María de los Ángeles Ahrens Gil quiso que sus hijas llevaran su apellido primero. El Registro Civil de la delegación Miguel Hidalgo, con base en el artículo 58 del Código Civil de la Ciudad de México, se lo negó y las registró conforme a la regla con los apellidos Galván Ahrens. La madre solicitó un amparo y, ayer, la Corte se lo concedió declarando inconstitucional el artículo 58. La señora ahora podrá solicitar el cambio de las actas de registro de sus hijas con los apellidos invertidos a Ahrens Galván.

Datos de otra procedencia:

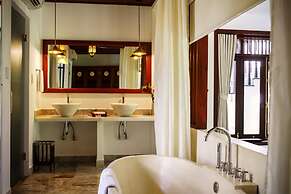 Legacy Hoi An Resort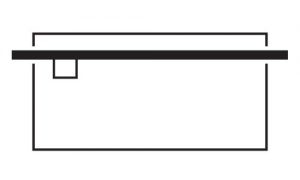 bed-size-10x5-m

El amparo sólo tiene efectos para ella. Sin embargo, con esta sentencia, la Suprema Corte está abriendo la puerta para que eventualmente la Asamblea Legislativa de la Ciudad de México modifique el artículo 58 a fin de permitir que los padres puedan escoger el orden de los apellidos de sus hijos, tal y como ya sucede hoy en Yucatán, Morelos y el Estado de México.
Este mismo asunto ya se había discutido en otros países occidentales. Hace seis años, por ejemplo, España modificó su ley de Registro Civil para eliminar la primacía del progenitor varón. La pareja podía decidir cuál apellido iría primero y, si no se ponían de acuerdo, los apellidos del bebé se decidirían por orden alfabético. Cuando leí esta noticia me pareció injusto el criterio de desempate. Si yo no me hubiera puesto de acuerdo con mi esposa, llevaba las de
perder. Mi primer apellido, el paterno siguiendo las costumbres anteriores, comienza con una zeta seguida de una u: estoy frito. En todo caso, me parece más justo el criterio que se utiliza en Alemania: si los padres no se ponen de acuerdo qué apellido debe ir primero, se echan un volado. La suerte es la que determina.
Desconozco si existe un criterio de desempate en los estados mexicanos donde ya se permite que los hijos lleven indistintamente el orden de apellidos de sus progenitores. Lo que celebro, porque es lo correcto en un mundo de igualdad de género, es que las costumbres estén cambiando para terminar con tradiciones machistas que discriminan a la mujer. Qué bueno que la Suprema Corte de Justicia así lo esté reconociendo y que las legislaciones se estén modificando.
Más allá de la igualdad del hombre y de la mujer en los apellidos de sus hijos, este asunto tiene un elemento muy interesante, el más importante creo yo. Se trata del derecho que tenemos los individuos a llamarnos como se nos pegue la gana cuando cumplamos la mayoría de edad. En México es prácticamente imposible cambiarse el nombre. El trámite es dificilísimo, prácticamente imposible de hacerlo. En otros países más liberales es, en cambio, muy fácil ya que se considera un derecho inalienable de las personas. En el estado de Nueva York, por ejemplo, se necesita enviar al Tribunal Civil una copia certificada del acta de nacimiento, carta de petición de modificación de nombre y unos cuantos dólares por el trámite. La resolución tarda poco y llega por correo al interesado.
El siguiente paso en todo este proceso de modernización de valores de una sociedad más libre, justa e igualitaria es enmendar la legislación para facilitar el cambio de nombre de un ciudadano mayor de edad: que el Estado reconozca el derecho que tenemos los individuos a llamarnos como queramos. ¿Por qué no?